The headline PMI was well supported by three of the five sub-components: activity, demand and supplier performance. However, employment moved lower, while the Inventories Index edged back below the neutral 50-point mark, noted the Bureau for Economic Research (BER) in its January report.
The New Sales Orders Index rose for a second month to reach 54.3 points in December. Respondents noted a further rise in export orders, which likely supported the overall improvement in demand. A deceleration in global growth, as suggested by the recent downturn in many of the international PMI indicators, may start to weigh on export growth going forward.
Nonetheless, in December, the improvement in demand helped to lift the Business Activity Index for a fourth consecutive month above the 50-point mark for the first time since February 2018. The index rose to 53.8 index points.
Indeed, both new sales orders and activity came in at the highest level seen in 2018.
Unfortunately, despite an uptick in activity, the Employment Index slumped to 40.5 points, the lowest level since 2014.

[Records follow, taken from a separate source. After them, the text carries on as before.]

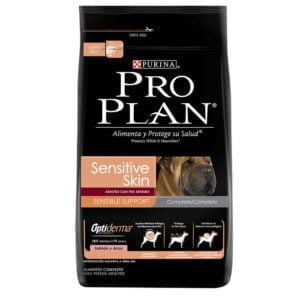 Pro Plan Sensitive Skin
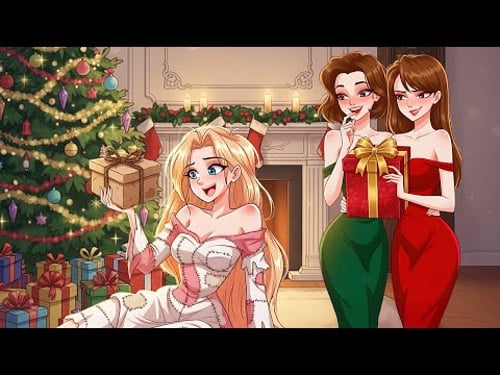 I Demand Christmas Gift Even If I’m Poor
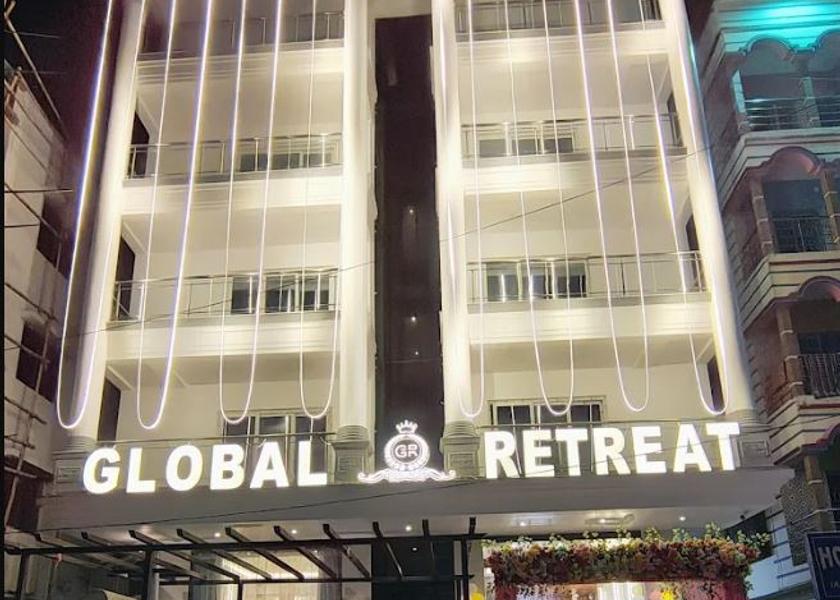 West Bengal Digha Hotel Exterior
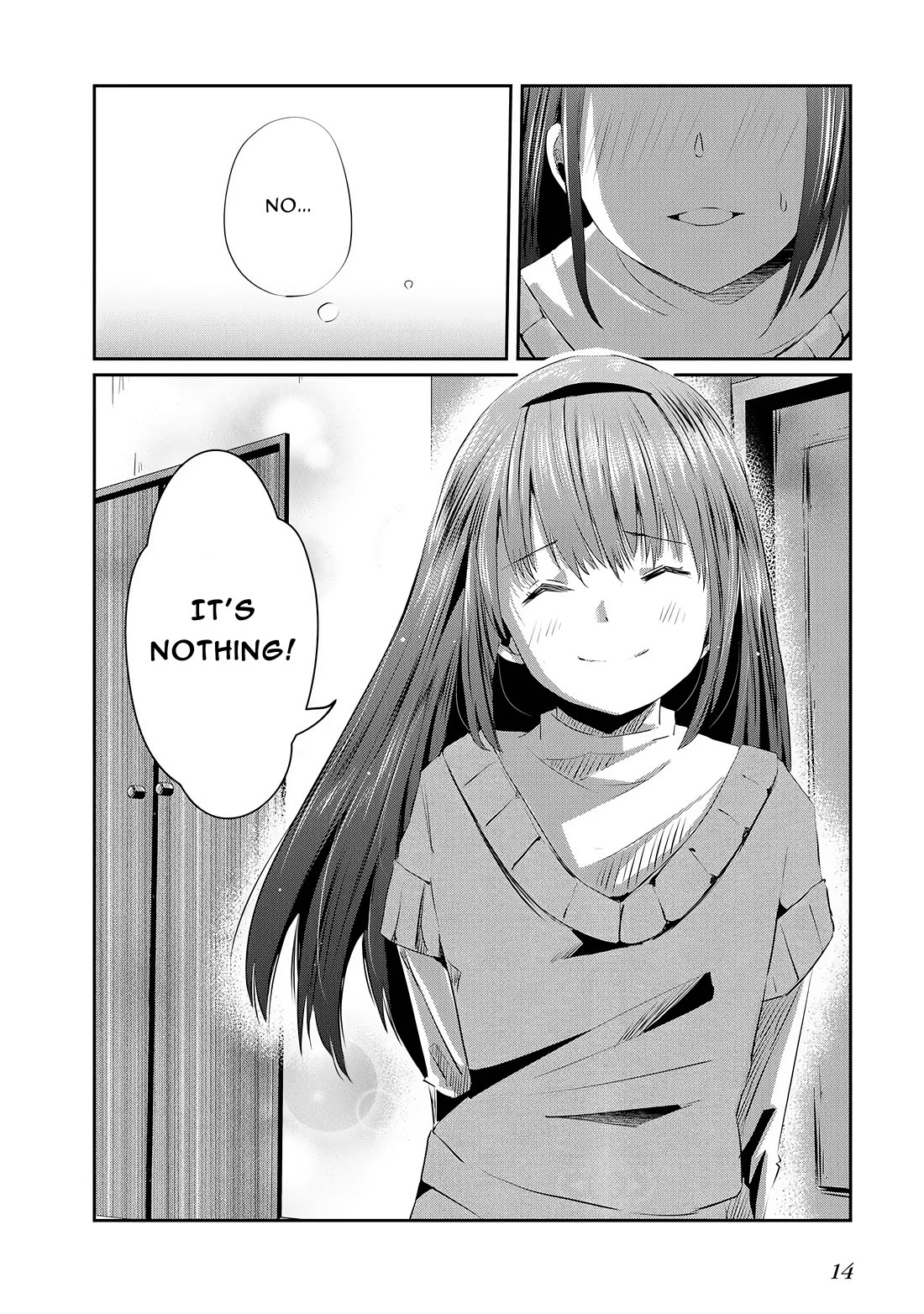 Old Man Reincarnates and Becomes a Genius Actor chapter 17 page 16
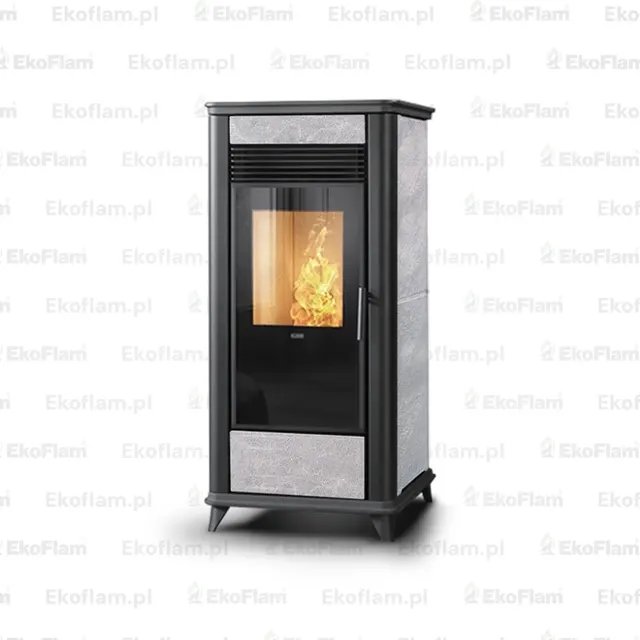 Pellet stove Klover Class 90 Air stone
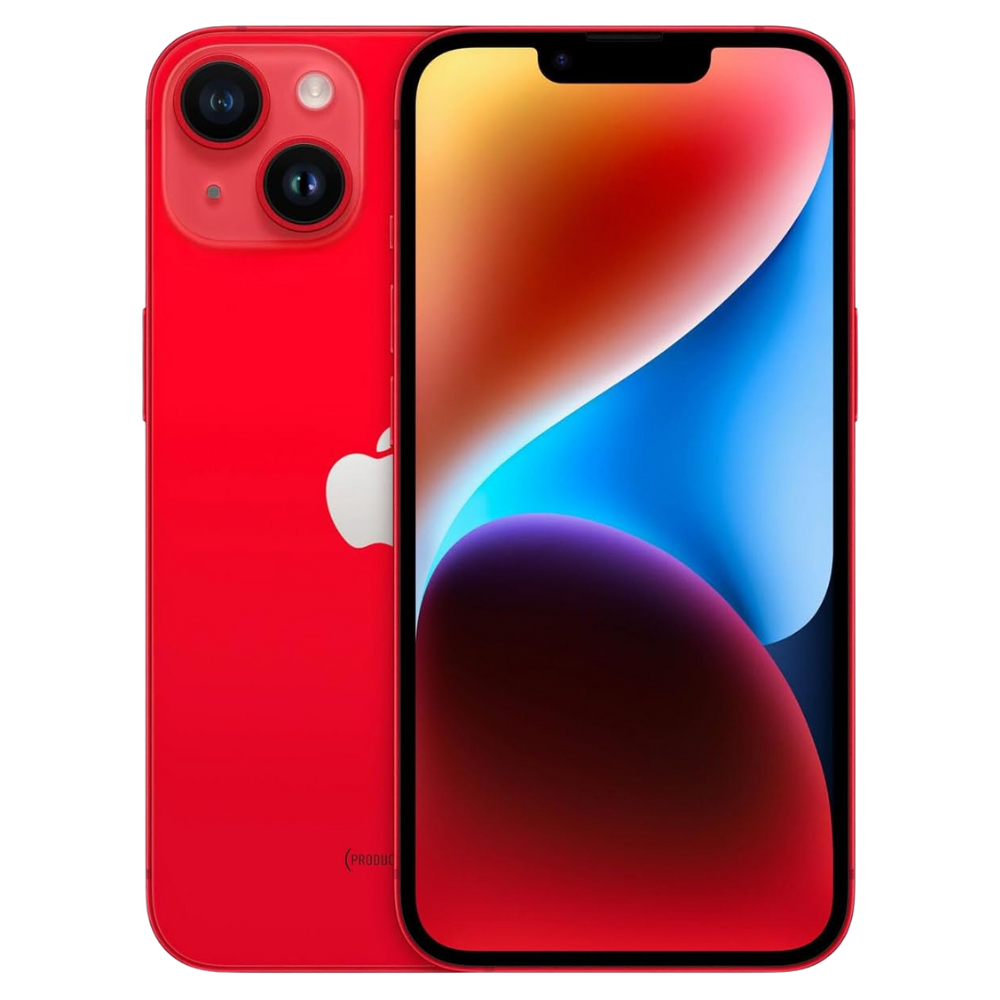 Apple iPhone 14 (PRODUCT) Red Smartphone 128GB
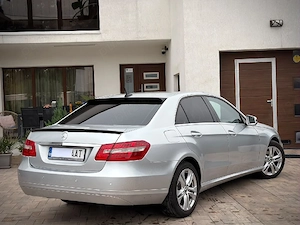 Mercedes E 2,2*An 2012
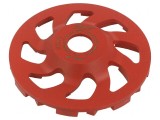 Disc de șlefuire beton și piatră 125mm 22,2mm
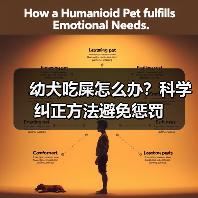 幼犬吃屎怎么办？科学纠正方法避免惩罚（图4）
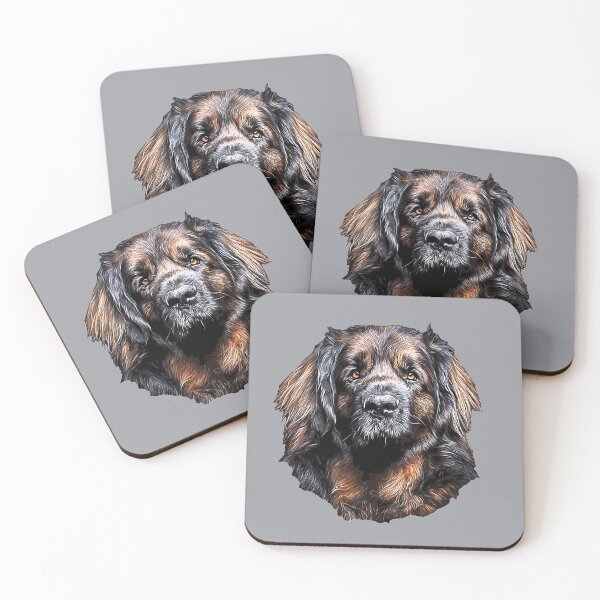 Item preview, Leonberger - A stunning Dog! designed and sold by Elarex.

On a positive note, for the first time since July 2018, respondents expect business conditions to improve in the following six months. The index tracking expectations rose for a second month to reach 51.4 in December and is now almost 10 points above a low of 41.7, reached in October 2018.
The positive sentiment is supported by the PMI’s leading indicator, which rose further above one with sales orders outstripping inventories. A further decline in the Purchasing Price Index likely also lifted spirits, as it reflects a decline in cost pressures for manufacturers.
The Inventories Index edged lower after a solid improvement in November. The index dipped back below the neutral 50-point mark to 48.5 in December. Despite the decline, the index remains about 7 points above October 2018’s level.
The Purchasing Price Index declined for a third consecutive month to reach its lowest level since May 2018. This was despite a weaker Rand exchange rate during December (compared with November), which pushes up the cost of imports in Rand terms. However, this was likely outweighed by the sharp fuel price decline at the start of December. A lower Brent crude price (on average) during December led to a further fuel price drop at the beginning of January. This may drive a further decline in the Purchasing Price Index in January.
The possible return of electricity loadshedding from mid-January could depress the tentative signs of a recovery in the sector. Indeed, while the December survey results are encouraging, a sustained recovery in demand is required before a meaningful recovery in manufacturing output, investment and employment can take place.